R-Tree, Oct-Tree, and similar spatial trees can quickly find close points for arbitrary sets of points.
- find the leaf containing your point (or the closest to it)
- Within the leaf find the closest contained point
- Search the tree again for any leaf intersecting the volume centred on the first point, containing the closest point just found.
- Excluding the already searched leaf, search the intersecting leaves for a closer point.
- You now have the closest point
If the data changes just use an R-Tree/Oct Tree/Spatial Tree. It will give you log(N)
lookups.
But If the data does not change, or it is cost-effective to do so, you can pre-index the data.

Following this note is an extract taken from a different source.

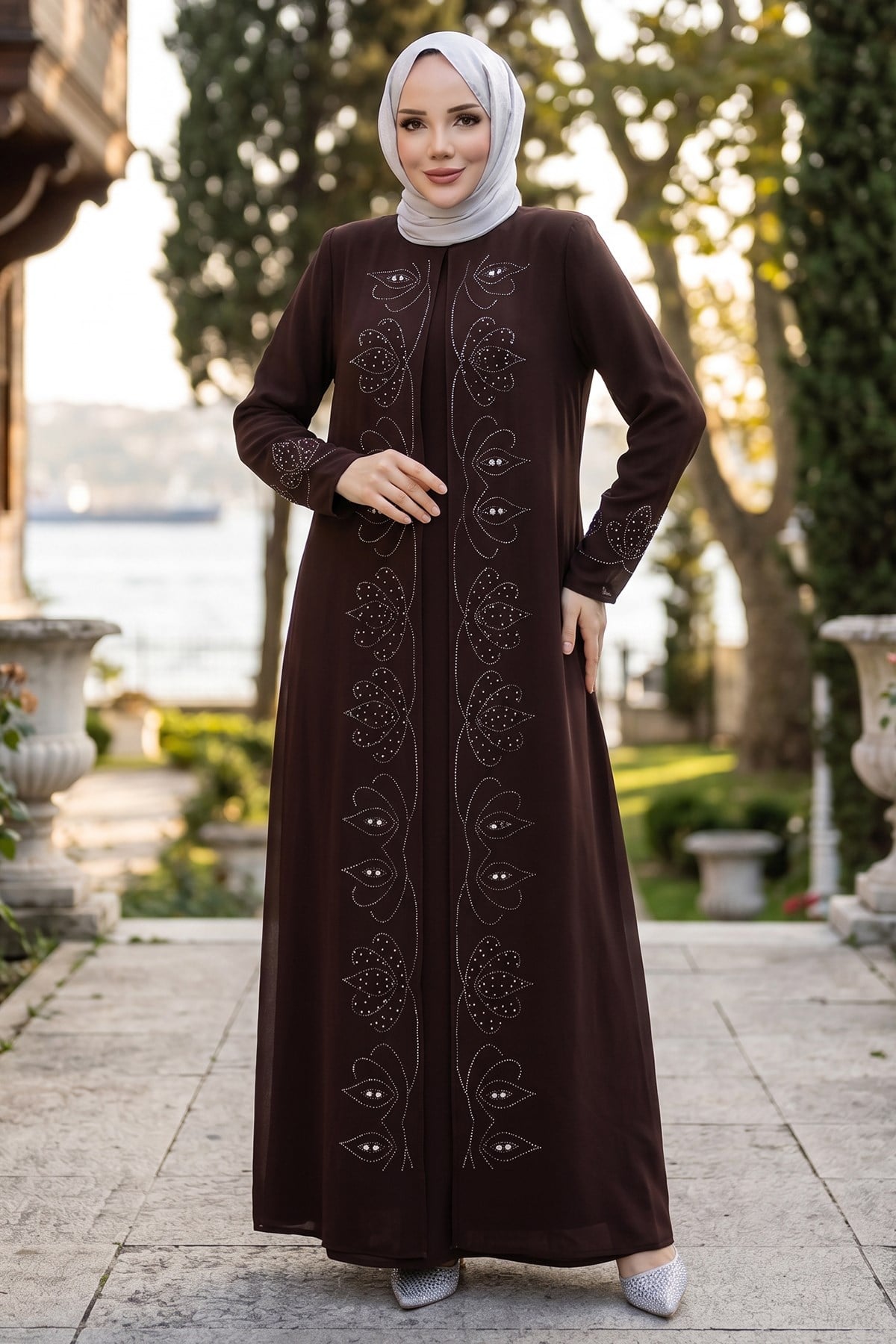 Boncuk Taşlı Büyük Beden Anne Elbisesi Kahverengi HM2952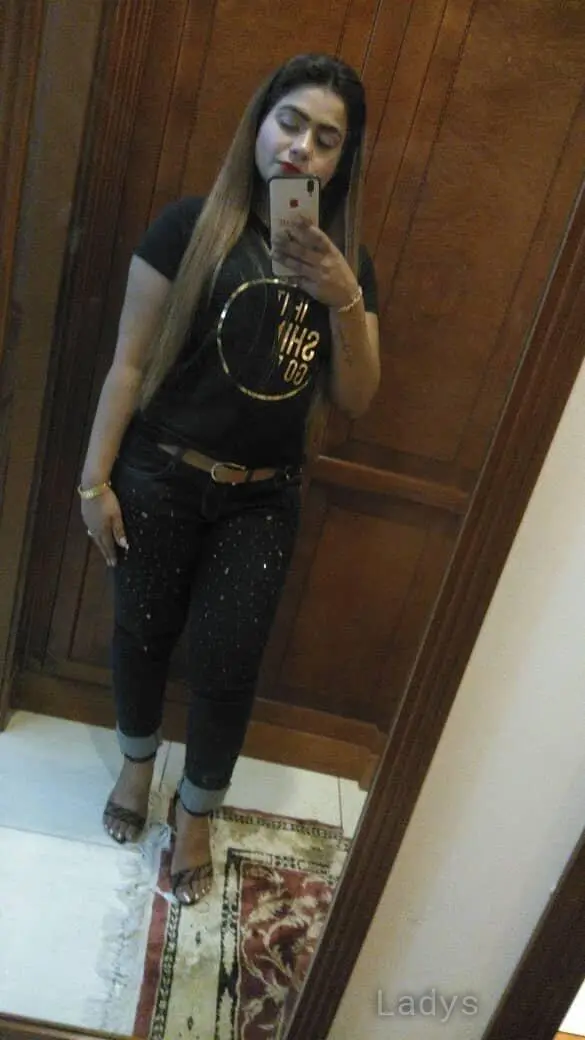Arshita, 22 years old Dubai escort girl with big tits, height 167 sm, Weight  kg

One way is to simply create a hash table over all known data points, and a sub-sampling of "grid-points". The value in the hash points to the tree node/s its located in. The idea of grid-points is so that novel data points can be mapped to their closest grid point to start this search off. Depending on how the hash is calculated this can speed up searching the data significantly. Log(N) -> Amort O(1)
The next way is to flatten the trees out themselves into arrays of segments. Each segment being a bound on that dimension, eg: [0 <= _ < 3, 3 <= _ <= 8, 8 < _ <= 9, ...]
(In fact you can optimise this further as each pair of cells shares the same number, and if <= 9 is the same as < 10 you can flatten even further by converting to the same operator and moving the number).
To create the segment arrays iterate through the points and add them into their own segments. For the moment list them if multiple share the same point.
Go through your segments and if there is more than one element pick another dimension and repeat for just those listed elements.
At worst you will have an N dimensional lookup. If you pick the same dimensions in the same order its easier to perform lookups. If you can pick a different dimension on each dereference you can reduce the overall depth at the cost of complexity.